The Nobel Prize committee have chosen Takaaki Kajita of Japan and Arthur B. McDonald of Canada as the 2015 recipients of the prize in physics for their discovery of the oscillation of neutrinos.

Perhaps the least obtrusive entity known to science, a neutrino is a subatomic particle with no electric charge. Coming into existence soon after the birth of the universe, neutrinos also are produced by high-energy collisions, such as those found in the nuclear reactions and particle accelerators. They are ubiquitous; at any given moment, trillions of neutrinos are streaming through your body at nearly the speed of light. 

First theorized in the 1930s, the neutrino is now thought to be the most abundant particle in the cosmos, after the photon, the particle that conveys light and other electromagnetic radiation. Like the photon, the neutrino was long thought to be massless, until Dr. Kajita and Dr. McDonald proved otherwise.

Scientists first began to suspect neutrinos might be up to something special in the late 1960s, when measurements of neutrinos coming from the sun came up short of mathematical expectations: up to two thirds of the ghostly particles seemed to be missing.

Using the Super-Kamiokande, a neutrino observatory deep inside a zinc mine in Japan, in 1998 Kajita and his colleagues discovered neutrinos streaming through the atmosphere were shifting "flavors." 

Around the same time, McDonald was leading a team in observing neutrinos from the sun at the Sudbury Neutrino Observatory in Canada, and came to a similar conclusion. Rather than vanishing on their way to Earth, the neutrinos were changing to a new flavor that the solar neutrino detectors hadn't been looking out for.

It turns out that neutrinos can oscillate between three distinct flavors: electron, tau, and muon. And if neutrinos are able to change their flavors, they must have mass.

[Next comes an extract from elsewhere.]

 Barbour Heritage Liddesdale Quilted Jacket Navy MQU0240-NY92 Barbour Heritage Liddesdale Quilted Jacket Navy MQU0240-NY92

For particle physics this was a historic discovery,” read Tuesday's press release from the Nobel Committee. “As it requires neutrinos to be massless, the new observations had clearly showed that the Standard Model cannot be the complete theory of the fundamental constituents of the universe.”

Since acquiring its modern form in the 1970s, the Standard Model of particle physics has remained largely unchallenged, predicting, with astonishing accuracy, an array of subatomic phenomena. In 2013, François Englert and Peter Higgs won the Nobel Prize in physics for their confirmation of the existence of the Higgs boson, filling in a large gap in the Standard Model.

But this theoretical framework still cannot account for neutrino oscillation, suggesting that the Standard Model will at some point need to be revised.

“Now the experiments continue and intense activity is underway worldwide in order to capture neutrinos and examine their properties,” the Nobel committee concluded. “New discoveries about their deepest secrets are expected to change our current understanding of the history, structure, and future fate of the universe.”